* [YOUR INSTRUCTIONS] All lines from the one containing "Nilfisk-ALTO SCRUBTEC R" through the last line of the listing should be given again exactly, with no pictures.

* [GIVEN INFORMATION]
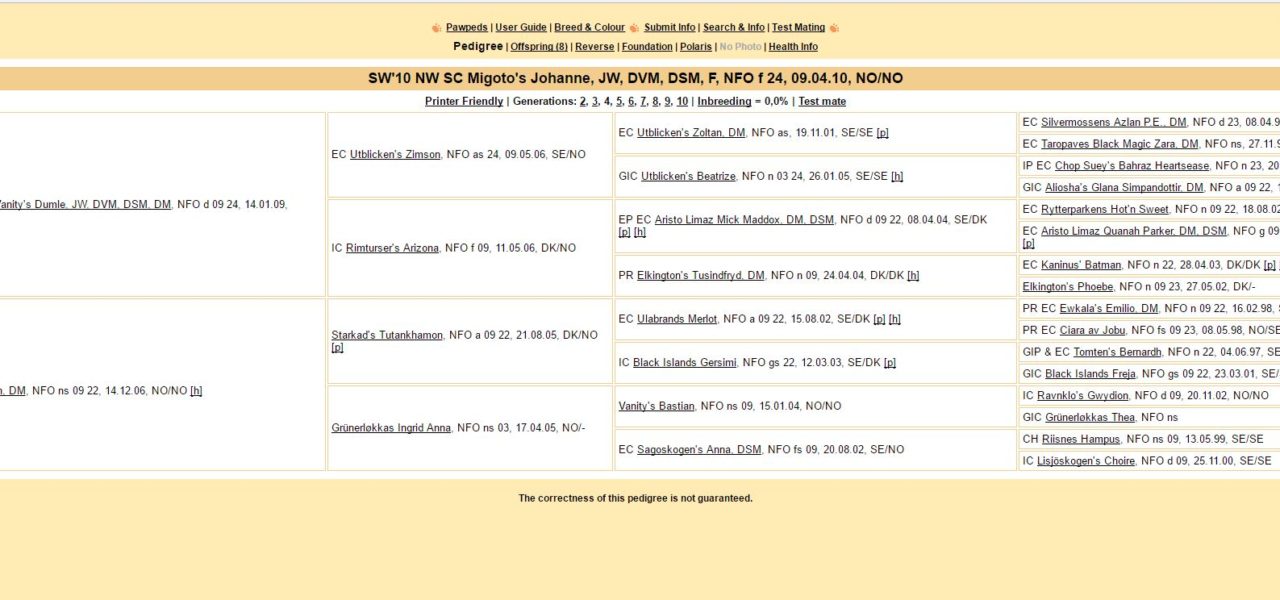 Link to Pedigree added to all Cats and Litters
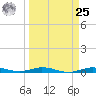 Tarpon Creek, Sugarloaf Key tide chart for Monday, March 25, 2024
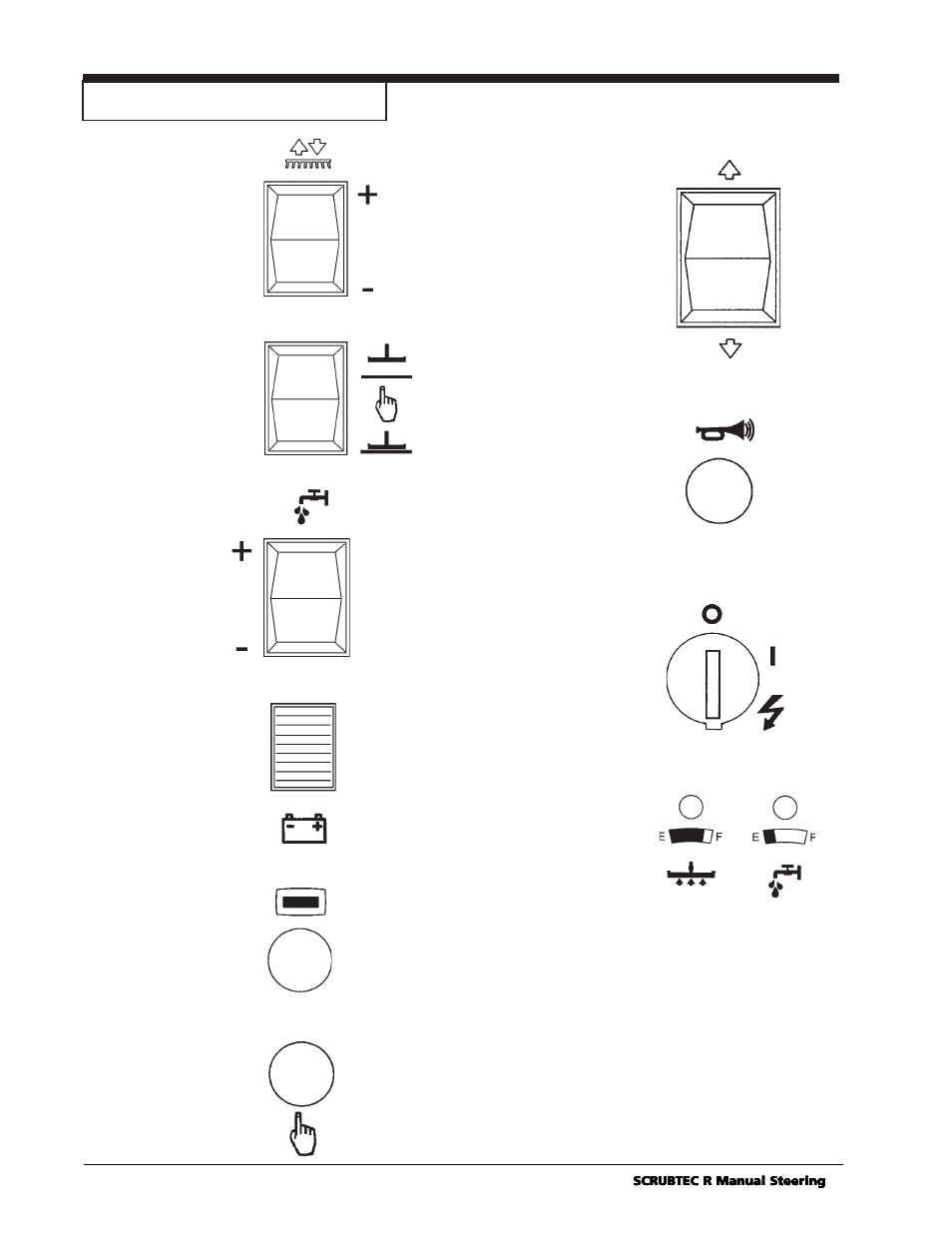 Nilfisk-ALTO SCRUBTEC R 571 User Manual | Page 6 / 72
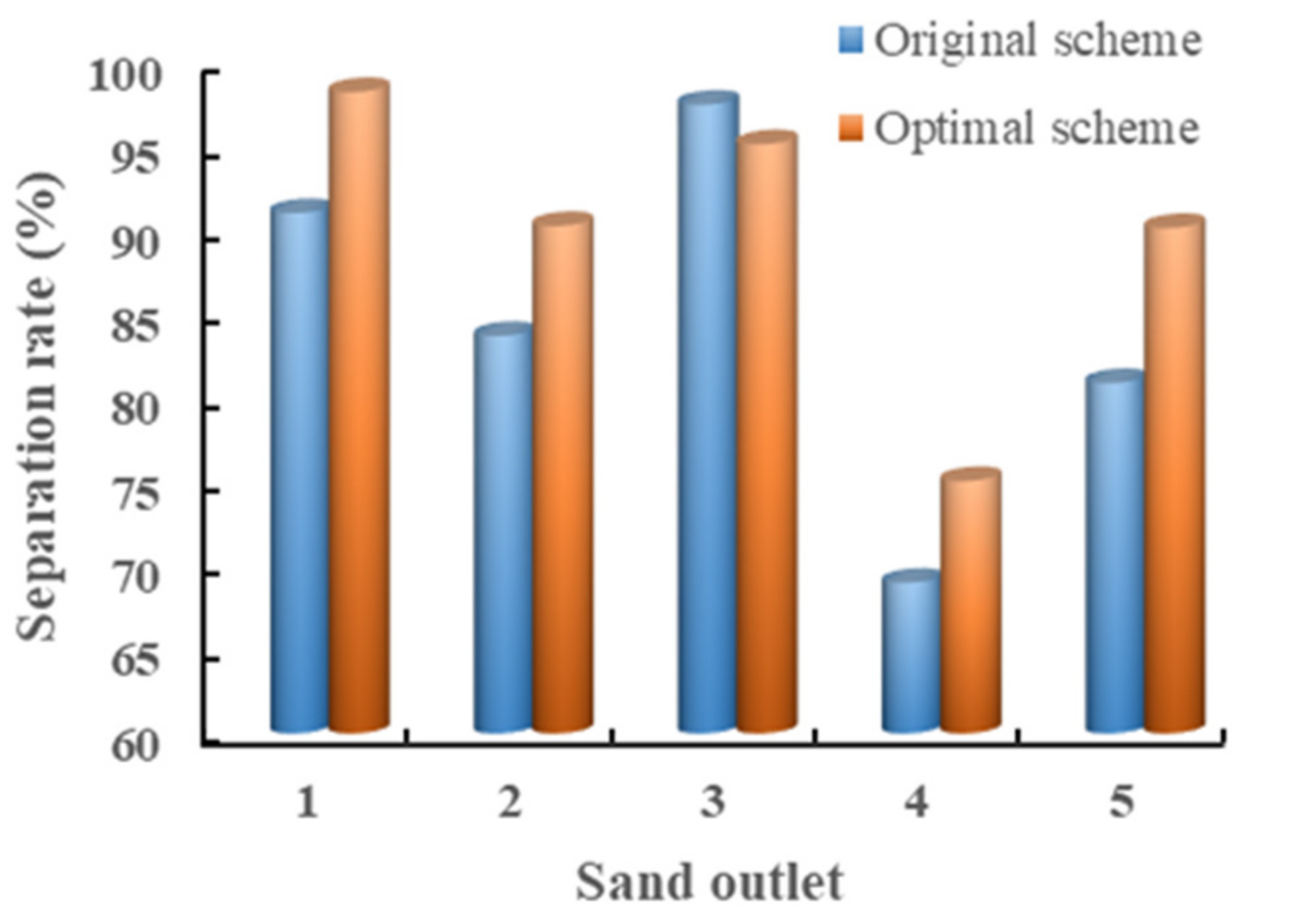 Minerals 12 00090 g015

* [RESULT BELOW]
 Nilfisk-ALTO SCRUBTEC R 571 User Manual | Page 6 / 72
 Minerals 12 00090 g015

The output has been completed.